Ketua Asosiasi Penghulu Indonesia (API) Wagimun melihat indikasi adanya upaya pembekuan RPP agar batal diterapkan. "Mekanisme organisasi dan birokrasi itu wajar, tapi yang tidak wajar itu karena rentang waktunya yang panjang dan berlarut-larut," kata Wagimun kepada RoL saat dihubungi melalui telepon pada Senin (9/6).
Pengesahan yang berlarut-larut, kata dia, juga berakibat pada timbulnya benturan antara penghulu dengan masyarakat. Gembar-gembor pemerintah yang menetapkan waktu implementasi namun tak terbukti pun, membuat keresahan di masyarakat dan kalangan penghulu semakin meningkat.
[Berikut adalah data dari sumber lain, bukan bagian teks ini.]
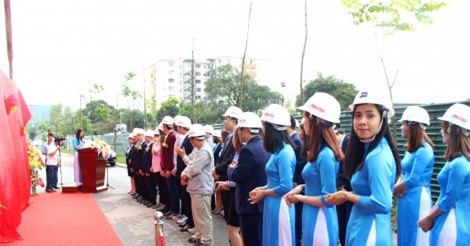 Cất nóc tòa nhà cao tầng DREAM HOME tại Dự án Khu đô thị TBCO RIVERSIDE (Thái Nguyên)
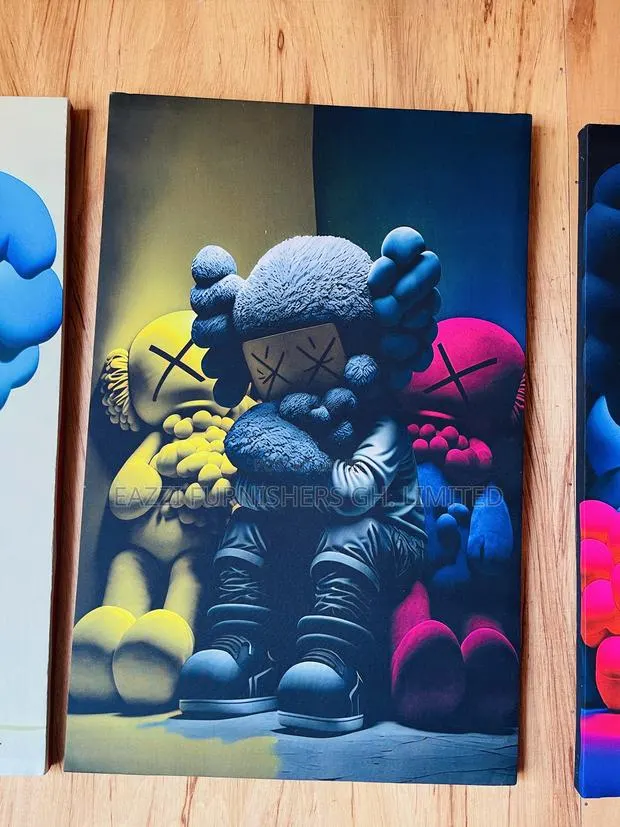 3 Pieces Set Wall Arts Kaws Real Canvas Colourful Frames · Photo 2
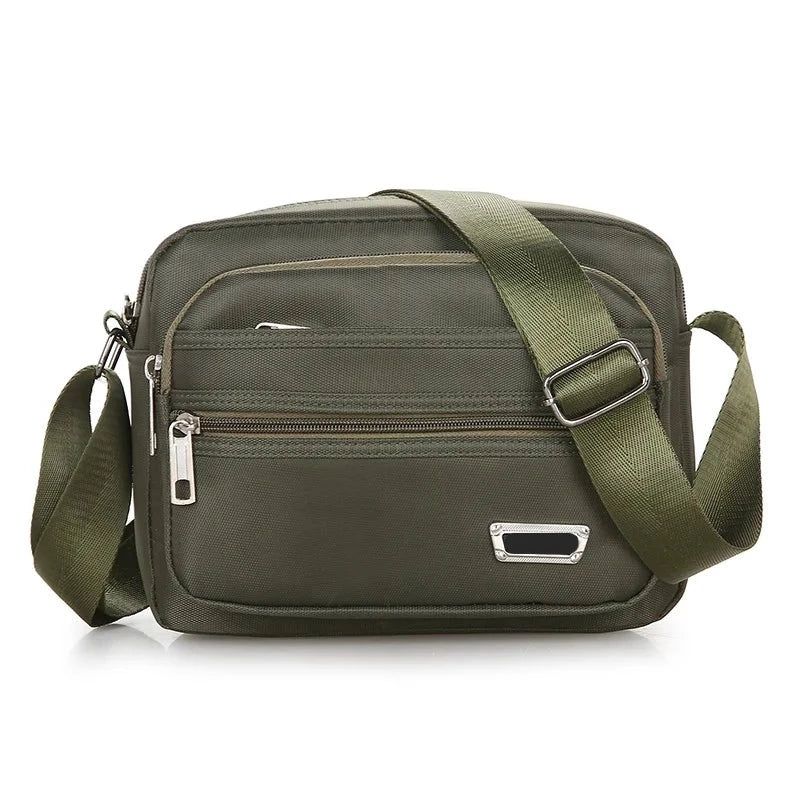 Messenger Bag Voor Heren Mini Zakelijke Schoudertassen Casual Cross Body Bags Multilayer - Zwart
"Mindset-nya jangan transaksional, tapi berdasarkan pedoman Allah, jangan sampai ada upaya menggagalkan supaya negeri ini barokah," katanya.
Jika situasi ini terus dibiarkan, lanjut Wagimun, penghulu akan serius melakukan aksi massa agar Presiden SBY segera mendorong para menteri untuk membubuhkan paraf agar ia bisa menandatanganinya. Setelah itu, RPP pun dapat segera dijalankan.
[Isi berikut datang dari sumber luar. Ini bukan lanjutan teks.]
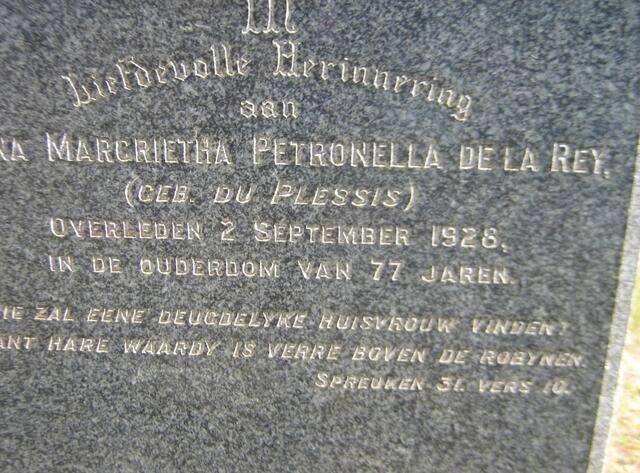 REY Anna Margrietha Petronella, de la nee DU PLESSIS -1928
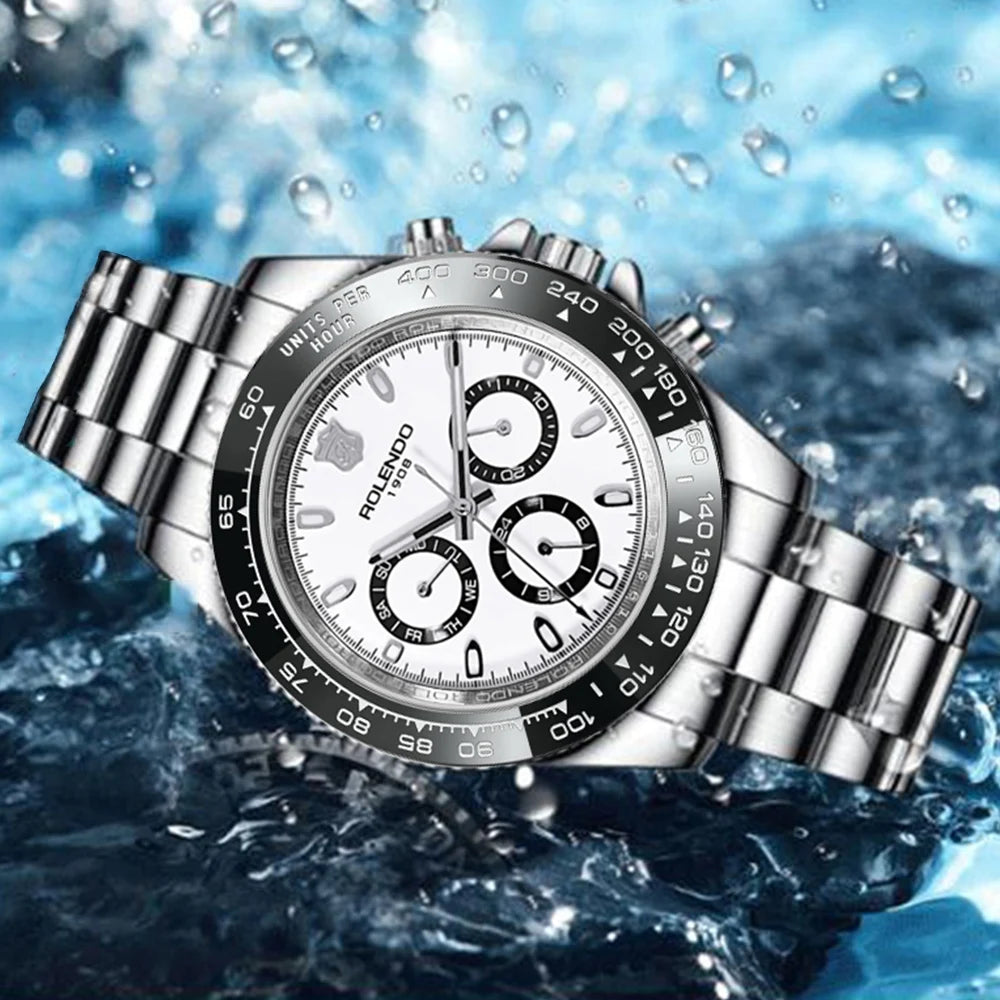 ROLENDO Luxury Men Automatic Diver Watch 40.5mm Mineral Crystal Luminous Date 300M Waterproof High-end Men's Wristwatch Gift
"Tanggal dan waktunya belum ditetapkan, yang jelas kita mau demo sebelum Ramadhan, kan tidak pantas kalau demo di bulan ramadhan," katanya. Meski begitu, ia juga mengingatkan, jangan sampai RPP yang berkaitan dengan kemaslahatan umat ini terkontaminasi politik, "Bisa kualat mereka nanti," tegasnya.
Selama ini, korban dari lambatnya penyelesaian RPP adalah penghulu. Mereka terus dirundung tuntutan masyarakat yang menanyakan soal tarif nilah gratis jika menikah di Kantor Urusan Agama (KUA).
Sebagian dari mereka ada yang sampai mengancam untuk melaporkan ke pengadilan karena penghuli dituding mangkir dari penerapan RPP. "Padahal kan faktanya memang belum diterapkan karena Pak SBY belum tanda tangan," katanya.